Here in the weekly daily fantasy roundup column, we'll break down everything you need to know to pick the best plays on the Week 6 slate. If any of the terminology goes over your head. Please refer to the "what you need to know" preview of the roundup.

Top quarterback plays

Drew Brees, QB, New Orleans Saints - Coming off a bye week and back in the Superdome, Drew Brees has every chance to be the top-scoring quarterback of the week. The Panthers secondary fell apart this season. Carolina gives up the third-highest yards per completion in the NFL and the eighth-highest touchdown rate. The Panthers and Saints game should be the highest-scoring contest on the board in Week 6 and it makes sense to pair multiple players from this game in one lineup.

Russell Wilson, QB, Seattle Seahawks - The Falcons defense bleeds production to tight ends, pass-catching running backs and slot receivers. That's a horrific matchup across the board for what Seattle does well. The Seahawks offense started slow again this year, but is coming off the bye and playing at home giving Wilson a tremendous shot to have a monster game this week. His completion percentage, passer rating and adjusted yards per attempt have gone up in every game this season. As long as the weather cooperates, Wilson will blow up this week.

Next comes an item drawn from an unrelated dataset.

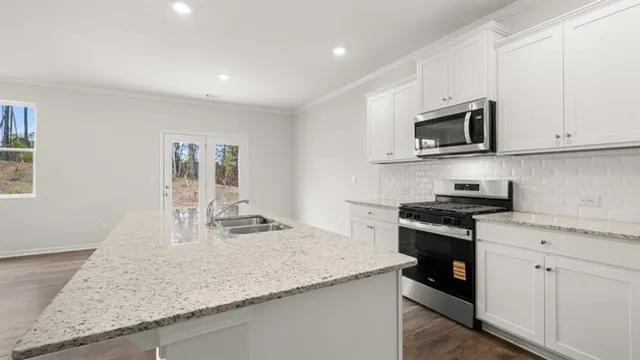 a kitchen with stainless steel appliances granite countertop a sink stove and microwave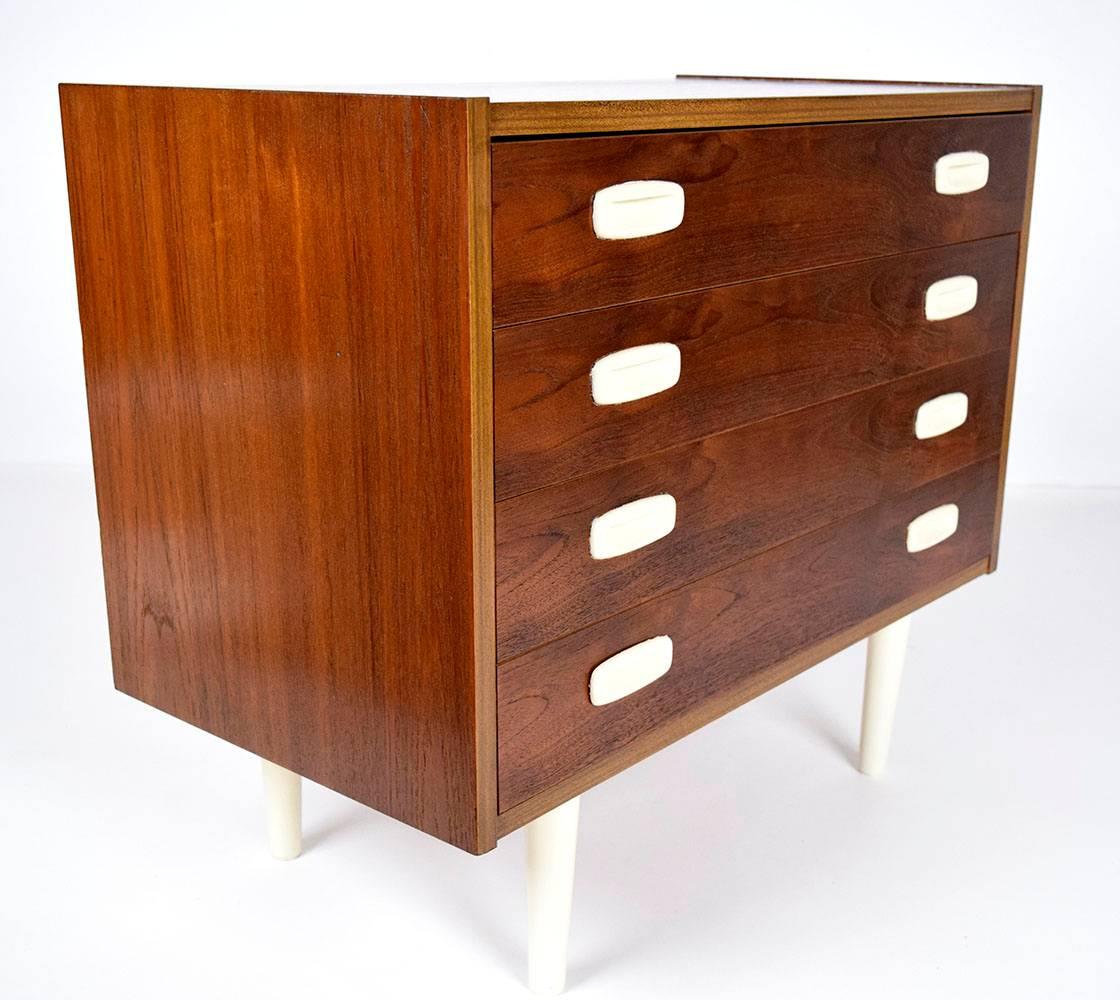 This 1960s Danish modern occasional chest is made of walnut wood with a walnut stain finish. There are four full size drawers with dovetail joints. The simple and clean lines of this chest are accented by the off-white drawer pulls and tapered legs.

Alex Smith, QB, Kansas City Chiefs - The Raiders allow a league-high 338 passing yards per game through five weeks. Their 6.3 touchdown rate allowed to quarterbacks is also a top-five worst mark. Smith isn't the sexiest option but he should post a strong line against a Raiders defense that gives it up to opposing passers and a scoring-unit that forces the other team to chase them. Smith has untold upside as a runner that helps boost his fantasy floor, but he's yet to rush for more than 15 yards in game. Smith averaged 28.7 rush yards per game in 2013 and 31.1 in 2015. Some rushing ability mixed with a ton of dump-offs could help alleviate concerns about windy weather.

Top running back plays

Le'Veon Bell, RB, Pittsburgh Steelers - The Dolphins give up 4.31 yards per carry to opposing running backs on the ground and an extra 30 catches for 319 yards through the air. Bell has two games with over 150 total yards since returning from suspension and 52 touches without scoring a touchdown. Opposing teams racked up 137 carries against the Dolphins through their first five games, second-most in the NFL, but Miami has the second-lowest rushing touchdown rate (0.7) allowed. That's a "something's got to give" situation if I've ever seen one. Bell gets into the end zone at least once on Sunday.

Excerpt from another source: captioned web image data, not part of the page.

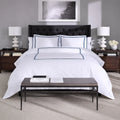 Front view of SleepTone Hotel Luxury white bedding set with navy blue double-stripe detailing.
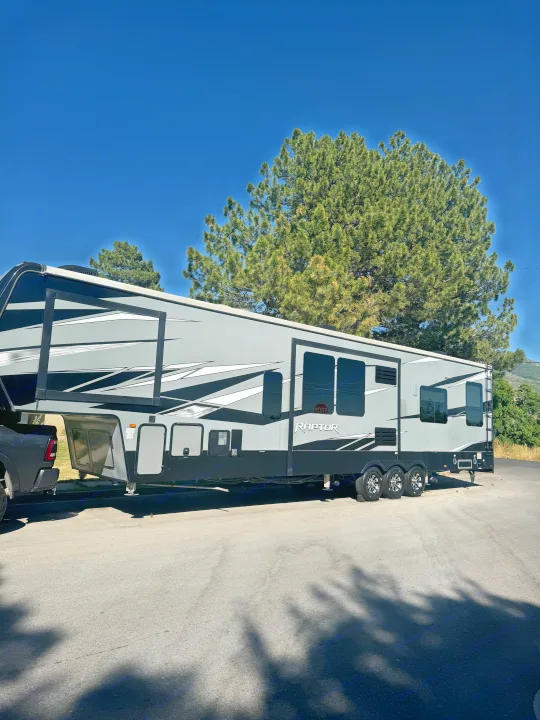 Large gray Raptor Fifth Wheel RV rental parked with a truck under a blue sky, ideal for trips and camping.. Keystone Raptor 2020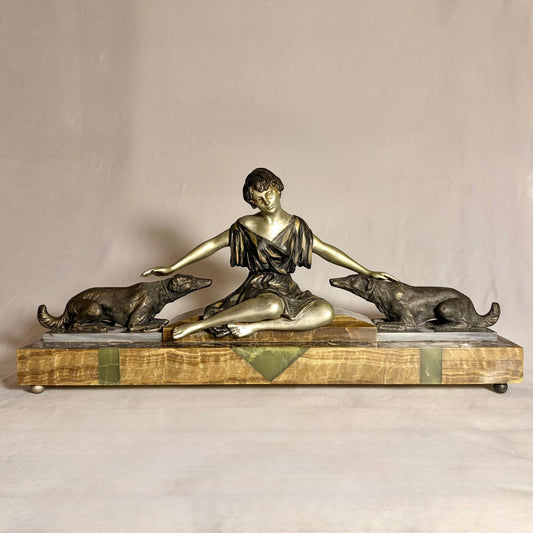KLS Vaults French Art Deco spelter sculpture of a seated woman with two hounds on a green onyx and marble plinth.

Terrance West, RB, Baltimore Ravens - The Giants started off the year playing solid run defense but allowed 251 rushing yards the last two weeks to the Vikings and Packers. We can go back to attacking the New York defense with strong rushing attacks. The Ravens have that right now with Terrance West, whose yards per carry has gone up in every game this season. Expect Baltimore to commit to West after axing Marc Trestman following a game where he ignored his running back averaging 8.6 yards per carry in the second half of their Week 5 loss.

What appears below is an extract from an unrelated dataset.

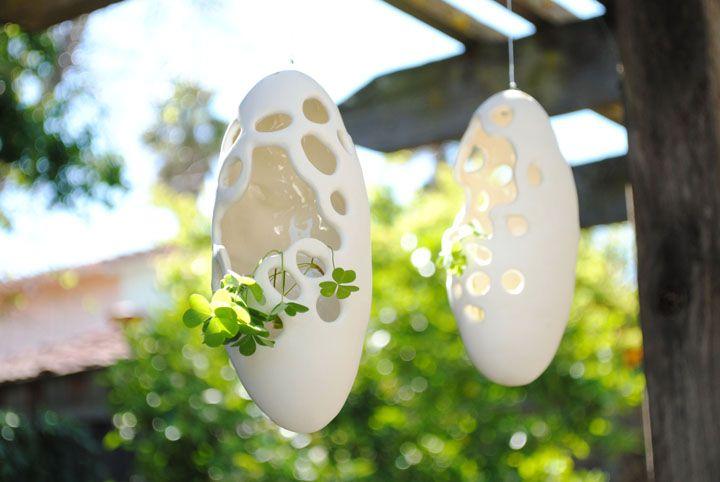 There are two white pods with lots of holes and one large hole in each hanging from a wooden structure. The photo was taken outside on a sunny day. There are clovers sprouting out of the objects.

Ryan Mathews, RB, Philadelphia Eagles - No team is more generous to opposing running backs than Washington. Allowing a league-high 5.28 yards per carry and seven rushing touchdowns to the position, the team just can't plug the holes in their front. Ryan Mathews has yet to play 50 percent of the Eagles snaps in any game, but this matchup is just too juicy to not chase. Even though he's not a workhorse back, he is the guy the team turns to in scoring position. Mathews has a team-high 14 touches inside the red zone. The next highest is Darren Sproles with five.

Top wide receiver plays

Brandin Cooks, WR, New Orleans Saints - In his last two games Cooks totaled 44 yards receiving before going on his bye week. That nightmarish stretch might have some scared off of Cooks, but this is a week to get back on board. Desmond Trufant and Jason Verrett are two of the best corners in the NFL and they locked him up in those contests. Cooks has shown his career to be one of the most cornerback-sensitive producers at the wide receiver positon. With Carolina coming to town, there won't be a defensive back in the Superdome on Sunday who can hang with Cooks' speed.

Amari Cooper, WR, Oakland Raiders - The Chiefs big-time corner Marcus Peters primarily sticks at left cornerback and does not shadow top wide receivers. Cooper takes 54 percent of his snaps at left wide receiver, where he'll run most of his routes against Phillip Gaines on Sunday. The other Chiefs cornerbacks simply do not have the same coverage prowess or ball-hawking nature of Peters. Cooper had his first big week of the season in the Raiders previous outing, but is primed for an encore in a game that could be sneaky high-scoring.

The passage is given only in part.